Figure 1 presents a graphic illustration of the four levels of measurement. The differences that have been distinguished between the measurement levels have several practical implications, especially in the analysis of collected data, that you need to anticipate in the designing stage of a research. In other words, different measurement levels require particular analytical techniques.

For example, you can plan to report the mean age of the investigated sample of people – calculated by adding up all the individual ages and dividing the sum by the number of people included in the sample – but you cannot plan to report the mean ethnic affiliation, because this is a nominal variable, and the calculation of mean requires a ratio level of measurement. In the latter case, you can only report the modal value, which is the most common ethnic affiliation.

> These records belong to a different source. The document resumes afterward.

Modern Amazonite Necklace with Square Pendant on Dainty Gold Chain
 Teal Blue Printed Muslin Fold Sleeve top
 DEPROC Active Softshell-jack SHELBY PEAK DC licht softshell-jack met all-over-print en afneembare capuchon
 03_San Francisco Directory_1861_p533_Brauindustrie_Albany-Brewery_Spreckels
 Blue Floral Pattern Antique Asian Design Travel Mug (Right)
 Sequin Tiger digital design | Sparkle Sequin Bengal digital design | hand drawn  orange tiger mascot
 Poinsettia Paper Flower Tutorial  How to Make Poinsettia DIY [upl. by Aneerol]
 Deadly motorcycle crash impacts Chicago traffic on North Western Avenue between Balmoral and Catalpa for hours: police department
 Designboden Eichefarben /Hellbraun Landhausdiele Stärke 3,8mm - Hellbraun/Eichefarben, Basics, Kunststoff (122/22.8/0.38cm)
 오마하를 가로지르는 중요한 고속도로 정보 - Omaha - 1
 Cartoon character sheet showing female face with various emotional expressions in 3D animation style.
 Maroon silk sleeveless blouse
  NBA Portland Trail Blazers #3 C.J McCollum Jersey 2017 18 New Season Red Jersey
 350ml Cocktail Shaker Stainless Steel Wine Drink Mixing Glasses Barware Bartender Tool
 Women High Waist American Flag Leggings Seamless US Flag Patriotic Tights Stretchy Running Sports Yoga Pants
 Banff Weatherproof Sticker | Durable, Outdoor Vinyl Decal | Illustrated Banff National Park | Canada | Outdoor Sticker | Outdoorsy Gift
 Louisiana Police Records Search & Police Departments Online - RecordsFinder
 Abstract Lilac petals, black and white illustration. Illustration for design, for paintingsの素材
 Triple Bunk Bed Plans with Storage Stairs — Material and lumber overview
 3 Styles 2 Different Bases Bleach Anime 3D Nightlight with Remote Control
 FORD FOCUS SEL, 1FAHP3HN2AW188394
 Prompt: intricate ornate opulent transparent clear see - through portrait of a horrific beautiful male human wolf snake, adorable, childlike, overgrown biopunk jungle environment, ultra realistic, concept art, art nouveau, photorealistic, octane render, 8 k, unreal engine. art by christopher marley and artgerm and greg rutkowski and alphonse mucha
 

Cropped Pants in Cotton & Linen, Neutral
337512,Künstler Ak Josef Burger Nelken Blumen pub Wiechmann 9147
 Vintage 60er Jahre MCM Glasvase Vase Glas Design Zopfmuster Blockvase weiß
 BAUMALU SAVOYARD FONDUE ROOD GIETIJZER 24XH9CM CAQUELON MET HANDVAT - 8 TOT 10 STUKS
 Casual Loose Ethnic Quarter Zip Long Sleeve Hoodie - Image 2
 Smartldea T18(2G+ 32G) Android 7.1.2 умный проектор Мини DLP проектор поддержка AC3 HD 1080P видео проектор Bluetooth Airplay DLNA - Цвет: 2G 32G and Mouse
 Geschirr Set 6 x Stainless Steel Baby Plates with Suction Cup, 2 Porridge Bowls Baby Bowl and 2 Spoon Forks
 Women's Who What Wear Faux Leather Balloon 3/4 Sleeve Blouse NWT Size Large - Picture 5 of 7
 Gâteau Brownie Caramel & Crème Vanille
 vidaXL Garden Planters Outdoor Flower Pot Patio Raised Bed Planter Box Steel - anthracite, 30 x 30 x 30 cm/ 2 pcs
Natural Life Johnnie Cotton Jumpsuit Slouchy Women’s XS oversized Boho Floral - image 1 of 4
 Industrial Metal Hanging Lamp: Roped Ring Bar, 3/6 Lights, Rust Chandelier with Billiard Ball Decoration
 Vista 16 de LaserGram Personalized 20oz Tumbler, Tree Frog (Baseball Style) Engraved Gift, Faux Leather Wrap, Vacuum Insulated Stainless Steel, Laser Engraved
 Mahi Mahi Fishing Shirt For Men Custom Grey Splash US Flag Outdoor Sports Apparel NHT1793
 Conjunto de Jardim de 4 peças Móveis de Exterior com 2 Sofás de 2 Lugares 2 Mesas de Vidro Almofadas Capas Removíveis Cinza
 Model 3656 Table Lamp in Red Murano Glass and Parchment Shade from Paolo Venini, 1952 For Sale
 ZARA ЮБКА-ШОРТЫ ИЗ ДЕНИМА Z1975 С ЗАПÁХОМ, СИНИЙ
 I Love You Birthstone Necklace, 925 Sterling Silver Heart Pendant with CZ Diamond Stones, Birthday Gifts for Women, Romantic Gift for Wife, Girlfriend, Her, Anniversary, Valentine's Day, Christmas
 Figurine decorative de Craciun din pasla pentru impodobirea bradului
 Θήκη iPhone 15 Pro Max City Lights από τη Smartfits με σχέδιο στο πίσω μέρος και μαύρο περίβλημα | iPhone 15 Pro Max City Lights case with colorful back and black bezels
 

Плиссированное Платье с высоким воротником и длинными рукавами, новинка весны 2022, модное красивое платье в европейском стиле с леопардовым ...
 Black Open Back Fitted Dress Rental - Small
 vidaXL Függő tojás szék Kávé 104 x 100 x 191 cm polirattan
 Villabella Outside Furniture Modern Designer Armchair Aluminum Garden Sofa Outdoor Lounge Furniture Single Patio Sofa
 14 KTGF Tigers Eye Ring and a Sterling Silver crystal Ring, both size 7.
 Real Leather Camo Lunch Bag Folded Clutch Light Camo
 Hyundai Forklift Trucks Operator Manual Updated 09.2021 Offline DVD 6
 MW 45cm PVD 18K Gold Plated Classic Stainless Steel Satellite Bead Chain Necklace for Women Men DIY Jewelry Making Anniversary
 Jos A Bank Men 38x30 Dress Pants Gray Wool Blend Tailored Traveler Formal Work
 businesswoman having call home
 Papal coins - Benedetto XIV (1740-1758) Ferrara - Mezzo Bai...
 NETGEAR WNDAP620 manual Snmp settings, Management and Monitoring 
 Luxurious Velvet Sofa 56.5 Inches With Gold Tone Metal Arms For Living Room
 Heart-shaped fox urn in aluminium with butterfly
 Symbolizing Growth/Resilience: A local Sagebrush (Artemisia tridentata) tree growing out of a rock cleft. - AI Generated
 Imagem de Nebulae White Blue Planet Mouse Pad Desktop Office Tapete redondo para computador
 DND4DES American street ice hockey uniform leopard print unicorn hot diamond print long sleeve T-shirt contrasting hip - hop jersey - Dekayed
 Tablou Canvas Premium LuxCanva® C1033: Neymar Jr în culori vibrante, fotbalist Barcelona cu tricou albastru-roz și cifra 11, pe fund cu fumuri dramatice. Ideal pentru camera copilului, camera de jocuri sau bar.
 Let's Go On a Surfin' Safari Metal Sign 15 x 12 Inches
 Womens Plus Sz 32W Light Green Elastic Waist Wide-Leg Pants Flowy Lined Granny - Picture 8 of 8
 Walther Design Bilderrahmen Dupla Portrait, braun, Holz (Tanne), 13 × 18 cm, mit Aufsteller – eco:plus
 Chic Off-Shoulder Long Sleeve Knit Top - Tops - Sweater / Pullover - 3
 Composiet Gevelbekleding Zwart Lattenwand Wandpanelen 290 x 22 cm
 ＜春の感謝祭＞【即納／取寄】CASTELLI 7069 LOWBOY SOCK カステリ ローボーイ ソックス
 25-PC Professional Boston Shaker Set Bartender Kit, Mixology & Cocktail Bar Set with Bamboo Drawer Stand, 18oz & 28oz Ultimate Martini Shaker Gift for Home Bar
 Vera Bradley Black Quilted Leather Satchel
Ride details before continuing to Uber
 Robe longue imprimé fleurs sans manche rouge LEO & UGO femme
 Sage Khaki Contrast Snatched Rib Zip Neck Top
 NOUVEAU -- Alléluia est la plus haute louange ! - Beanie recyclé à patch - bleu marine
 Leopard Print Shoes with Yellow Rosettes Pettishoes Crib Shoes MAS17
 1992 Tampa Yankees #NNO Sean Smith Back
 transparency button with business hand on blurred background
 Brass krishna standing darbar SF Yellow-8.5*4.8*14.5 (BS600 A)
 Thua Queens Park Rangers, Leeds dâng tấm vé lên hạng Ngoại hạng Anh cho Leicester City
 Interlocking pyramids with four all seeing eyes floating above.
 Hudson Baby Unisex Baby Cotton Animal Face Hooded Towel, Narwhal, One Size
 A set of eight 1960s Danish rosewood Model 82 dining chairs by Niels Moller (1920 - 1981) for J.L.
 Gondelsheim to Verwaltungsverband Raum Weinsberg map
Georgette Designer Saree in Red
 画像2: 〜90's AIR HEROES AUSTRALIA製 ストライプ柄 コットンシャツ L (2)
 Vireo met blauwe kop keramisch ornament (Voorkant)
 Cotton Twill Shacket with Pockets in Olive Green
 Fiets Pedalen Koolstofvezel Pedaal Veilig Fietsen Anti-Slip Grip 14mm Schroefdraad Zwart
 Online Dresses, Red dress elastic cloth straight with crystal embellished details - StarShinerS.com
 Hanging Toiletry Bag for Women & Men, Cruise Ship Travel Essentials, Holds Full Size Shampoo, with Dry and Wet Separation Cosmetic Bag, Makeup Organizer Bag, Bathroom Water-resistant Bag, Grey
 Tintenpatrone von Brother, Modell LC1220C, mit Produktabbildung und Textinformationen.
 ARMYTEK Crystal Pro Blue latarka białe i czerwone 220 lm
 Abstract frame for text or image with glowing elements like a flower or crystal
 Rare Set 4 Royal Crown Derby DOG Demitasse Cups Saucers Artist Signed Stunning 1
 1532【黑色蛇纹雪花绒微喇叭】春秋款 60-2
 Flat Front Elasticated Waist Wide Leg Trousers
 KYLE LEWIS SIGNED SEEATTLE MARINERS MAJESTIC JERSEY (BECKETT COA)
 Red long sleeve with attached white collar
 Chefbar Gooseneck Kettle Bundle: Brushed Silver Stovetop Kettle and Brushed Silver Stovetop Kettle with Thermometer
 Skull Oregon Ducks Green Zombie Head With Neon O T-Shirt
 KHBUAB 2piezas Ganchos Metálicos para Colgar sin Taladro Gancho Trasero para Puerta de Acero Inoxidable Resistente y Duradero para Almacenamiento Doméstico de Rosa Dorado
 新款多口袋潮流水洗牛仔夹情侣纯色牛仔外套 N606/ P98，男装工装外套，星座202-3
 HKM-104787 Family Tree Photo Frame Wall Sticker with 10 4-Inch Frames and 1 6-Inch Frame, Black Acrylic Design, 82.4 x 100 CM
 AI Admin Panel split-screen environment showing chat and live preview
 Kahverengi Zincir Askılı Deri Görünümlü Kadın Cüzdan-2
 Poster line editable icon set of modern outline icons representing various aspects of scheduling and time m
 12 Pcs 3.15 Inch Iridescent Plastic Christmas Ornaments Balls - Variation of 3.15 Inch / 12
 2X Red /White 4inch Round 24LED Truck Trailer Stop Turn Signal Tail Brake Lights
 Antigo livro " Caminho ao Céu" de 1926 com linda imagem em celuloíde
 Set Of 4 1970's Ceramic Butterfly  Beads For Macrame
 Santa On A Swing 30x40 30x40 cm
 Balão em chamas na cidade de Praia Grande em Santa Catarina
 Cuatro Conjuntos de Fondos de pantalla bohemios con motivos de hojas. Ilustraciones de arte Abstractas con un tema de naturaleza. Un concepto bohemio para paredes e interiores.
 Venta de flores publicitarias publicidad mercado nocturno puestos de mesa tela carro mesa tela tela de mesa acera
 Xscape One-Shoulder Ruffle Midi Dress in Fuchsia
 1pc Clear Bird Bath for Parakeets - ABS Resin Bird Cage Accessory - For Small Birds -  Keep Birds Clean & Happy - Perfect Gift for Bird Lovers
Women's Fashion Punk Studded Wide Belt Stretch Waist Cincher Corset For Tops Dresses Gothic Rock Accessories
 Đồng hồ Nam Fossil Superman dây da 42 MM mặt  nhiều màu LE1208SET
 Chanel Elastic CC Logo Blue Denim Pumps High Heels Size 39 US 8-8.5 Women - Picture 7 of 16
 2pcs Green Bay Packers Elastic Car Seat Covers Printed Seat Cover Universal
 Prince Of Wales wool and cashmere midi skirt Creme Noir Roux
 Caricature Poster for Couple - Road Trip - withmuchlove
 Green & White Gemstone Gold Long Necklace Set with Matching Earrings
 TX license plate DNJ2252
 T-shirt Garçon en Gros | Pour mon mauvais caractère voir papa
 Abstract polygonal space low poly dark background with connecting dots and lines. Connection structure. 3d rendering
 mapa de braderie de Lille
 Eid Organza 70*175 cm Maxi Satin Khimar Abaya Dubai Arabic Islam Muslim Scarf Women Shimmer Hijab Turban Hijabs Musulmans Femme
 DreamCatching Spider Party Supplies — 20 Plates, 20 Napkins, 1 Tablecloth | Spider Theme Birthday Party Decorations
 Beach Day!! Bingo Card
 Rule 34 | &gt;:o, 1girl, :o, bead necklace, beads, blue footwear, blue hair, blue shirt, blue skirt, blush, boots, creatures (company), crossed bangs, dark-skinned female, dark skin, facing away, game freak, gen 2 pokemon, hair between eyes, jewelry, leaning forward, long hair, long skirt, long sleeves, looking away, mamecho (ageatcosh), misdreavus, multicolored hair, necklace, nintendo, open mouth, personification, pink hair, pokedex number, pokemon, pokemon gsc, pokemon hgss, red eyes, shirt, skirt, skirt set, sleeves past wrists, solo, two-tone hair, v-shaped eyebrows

Another important practical aspect is the possibility to operationalize certain variables at different levels of measurement. In this process you should keep in mind that “ratio measures represent the highest level, descending through interval and ordinal to nominal, the lowest level of measurement. A variable representing a higher level of measurement – say, ratio – can also be treated as representing a lower level of measurement – say, ordinal” (Babbie, 2013: 184). Remember that age is a ratio measure. Supposing that by applying a questionnaire, among other collected data, you register the exact age of each respondent and the self-perceived level of happiness, an ordinal-level variable, with three categories: very happy, pretty happy and not too happy. If you intend to explore the relationship between age and happiness, you might also choose to operationalize age as an ordinal-level variable, by dividing the investigated people into three categories: young, middle-aged, and old, indicating the age range compounding each of these groups. In this example, age might be treated as a nominal-level variable to fulfill a certain research purpose. For instance, people might be grouped in two categories – those born until 1989 and those born in 1990 and after that – as the year 1989 is a benchmark in the former Eastern European countries when the political regime changed from communism to democracy. Remember that if you collect the exact age of the participants in research, you can later change this variable into an ordinal or a nominal measure.

Sometimes, you might decide that measuring a variable at its highest level of measurement is not necessary. If you are sure that registering ages of people at higher than the ordinal level of measurement is not needed, you may simply ask people to indicate their corresponding age range by choosing one of the following categories: under 20; 20 to 29; 30 to 39, and so forth. Just be attentive to construct equal, mutually exclusive age ranges and covering all possible age values.

Some variables are limited to a certain level of measurement, such as marital status, gender, or race, so you can only gather data about these variables as nominal measures. However, when a variable can be measured at different measurement levels, and when your research purpose is not well-defined at the beginning of research, the best way is to collect data about variables at their highest level of measurement possible. Keep in mind that ratio measures can later be transformed into ordinal or nominal groupings, but you cannot convert ordinal measures into ratio. Generally speaking, you cannot convert a lower-level measure to a higher-level one.

Levels of measurement are significant in terms of statistical techniques that use arithmetic operations. Table 1 summarizes these distinctions, using as example temperature as an interval variable.

Table 1. Arithmetic operations associated with levels of measurement

Level of measurement

Arithmetic operations

Temperature

Nominal

= ≠

Winter is not like summer.

Ordinal

> <

Today was colder than yesterday.

Interval

+

Today was 4 degrees colder than yesterday.

Ratio

÷ ×

Today was twice as cold than yesterday.

Note: In the case of Fahrenheit and Celsius scales, these comparisons can be made at the nominal, ordinal and interval levels of measurement, as both of them have a zero point which is established arbitraryly. Instead, for Kelvin scale, all these comparisons are correct, as this scale is based on an absolute zero, which means a complete lack of heat.